In deze zaak heeft eiser, vertegenwoordigd door mr. G.A. Verhoeven, het college van burgemeester en wethouders van Den Haag, vertegenwoordigd door R.S. Noé, aangesproken op het niet tijdig nemen van een besluit op zijn handhavingsverzoek tegen overlast van het restaurant ‘The Bombay Street Food Company’. Eiser heeft op 10 oktober 2023 verzocht om handhavend op te treden, maar het college heeft pas op 23 november 2023 een besluit genomen, dat echter niet op de juiste wijze bekend is gemaakt. Eiser heeft op 14 februari 2024 beroep ingesteld tegen het niet tijdig nemen van een besluit, en de rechtbank heeft op 5 juni 2024 uitspraak gedaan.
De rechtbank heeft vastgesteld dat het college niet tijdig heeft beslist en dat er geen rechtsgeldige verlenging of opschorting van de beslistermijn heeft plaatsgevonden.

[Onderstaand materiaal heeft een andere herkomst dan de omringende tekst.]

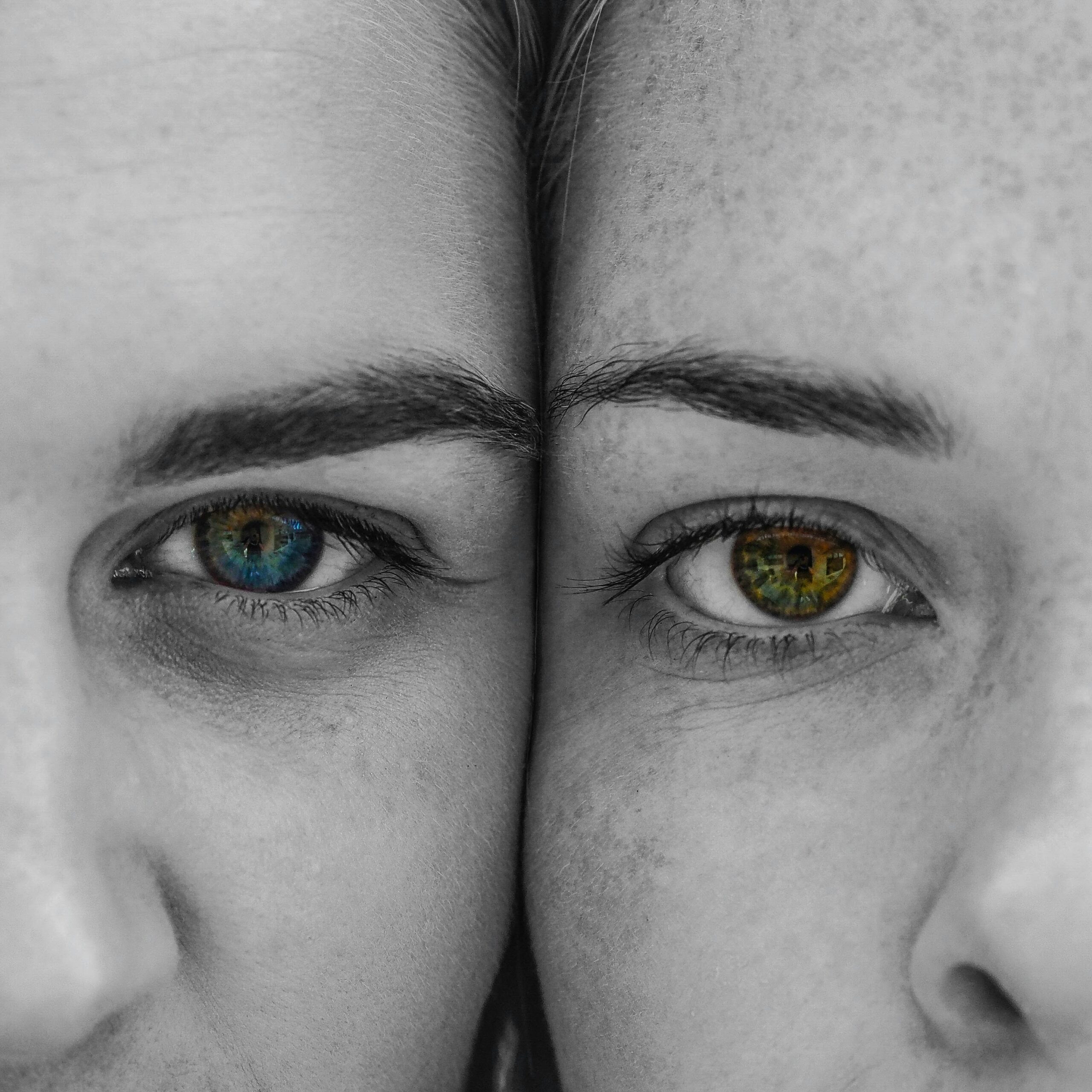 High quality and affordable Face Feminization in Spain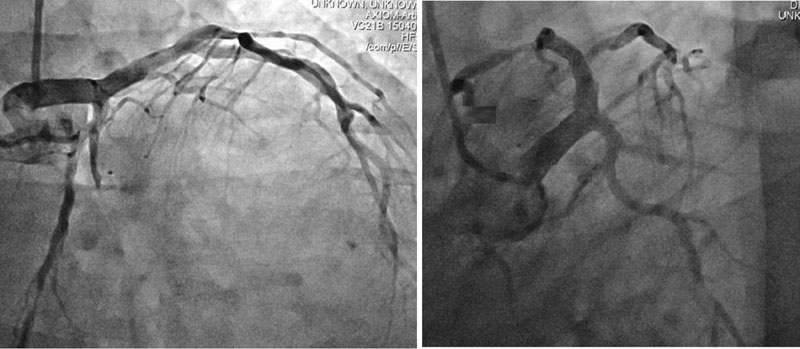 Coronary angiography showing significant disease of left circumflex and obtuse marginal artery.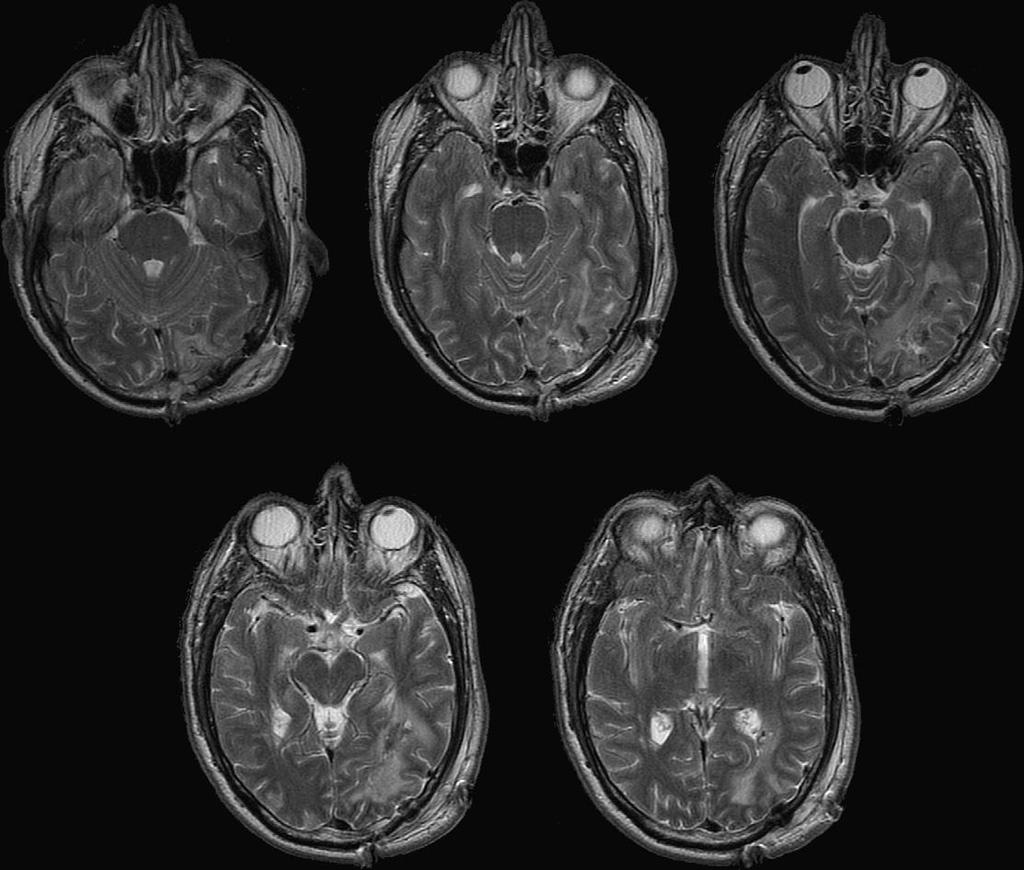 Οριηόντια διατομι T2 weighted MRI: βλάβθ ςτον ταινιωτό φλοιό (V1), ςτθ μζςθ ινιακι ζλικα, ςτο κάτω τμιμα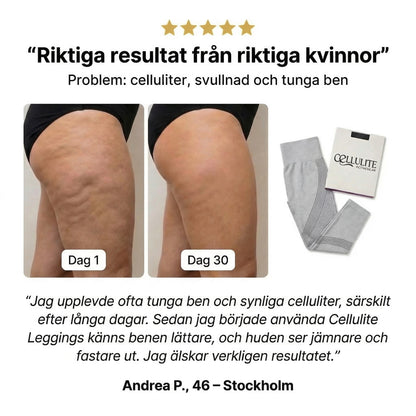 Cellulite Leggings - Trivs Med Kroppen, Oavsett Ojämnheter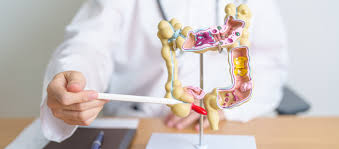 Image result for Colorectal Cancer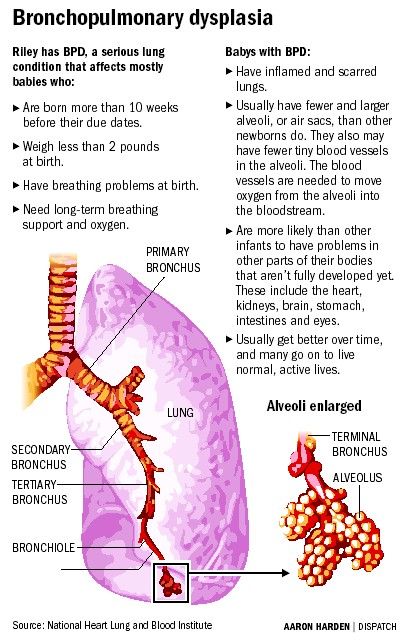 Lpn Program, Bronchopulmonary Dysplasia, What Is Nursing, Nursing Fun, Chronic Lung Disease, Child Nursing, Serve Others, Neonatal Nurse, Respiratory Care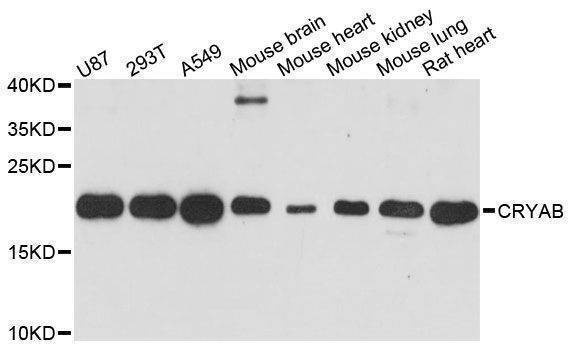 Anti-CRYAB Antibody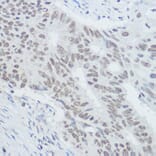 Immunohistochemistry - Anti-XRCC1 Antibody (A11152) - Antibodies.com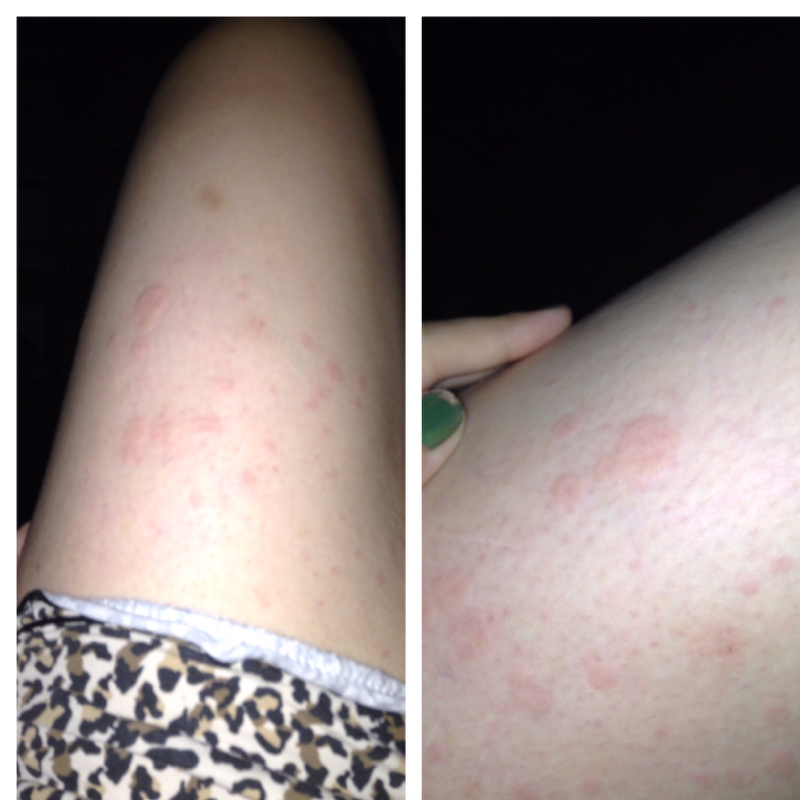 Allergie? Krankheit? Was ist das? Hilfe! (krank, rot, Pusteln) Allergie? Krankheit? Was ist das? Hilfe! (krank, rot, Pusteln)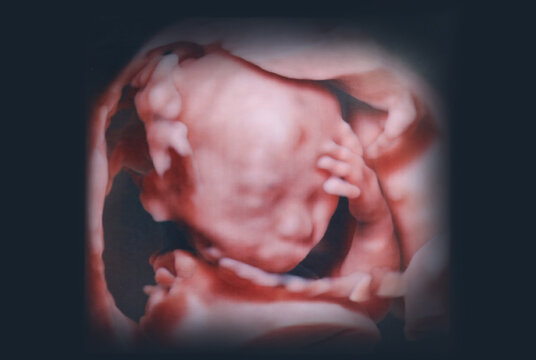 胎児の3D写真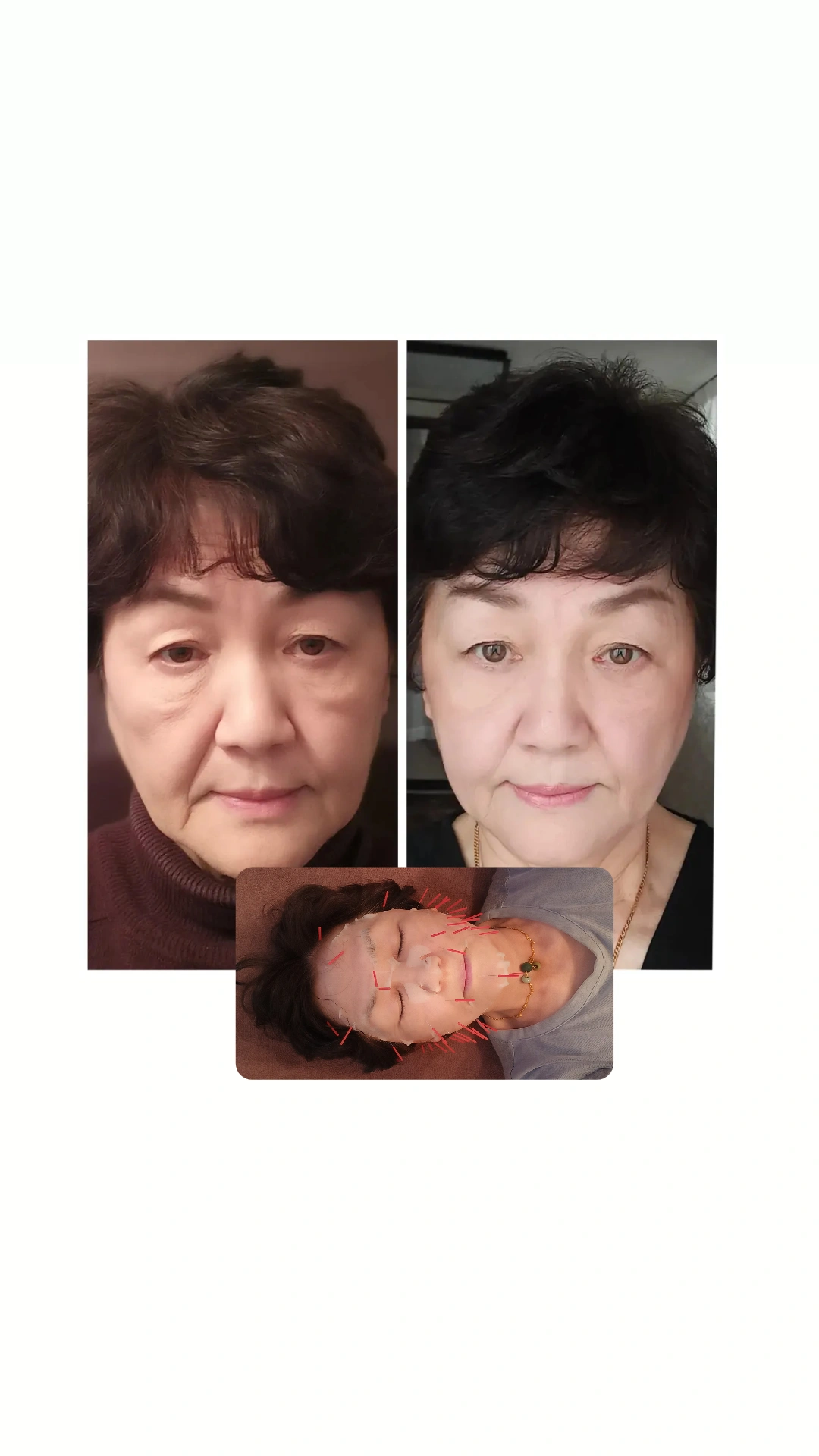 画像1455：施術事例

Hierdoor is het beroep van eiser kennelijk gegrond verklaard. De rechtbank heeft ook vastgesteld dat het college inmiddels volledig op het handhavingsverzoek heeft beslist, maar dat dit niet afdoet aan de verplichting om tijdig te beslissen. Eiser heeft verzocht om vaststelling van de verbeurde dwangsom, die is vastgesteld op € 1.442,-, en de rechtbank heeft verweerder veroordeeld tot betaling van proceskosten van € 875,- aan eiser, evenals de vergoeding van het griffierecht van € 187,-.
De uitspraak is gedaan door mr. M.D. Gunster, in aanwezigheid van griffier mr. R.J.P. Lindhout, en is openbaar uitgesproken op 5 juni 2024. Eiser heeft recht op vergoeding van de kosten die hij heeft gemaakt in verband met de behandeling van het beroep, en de rechtbank heeft de beslissing vernietigd die gelijkgesteld kan worden aan het niet tijdig nemen van een besluit.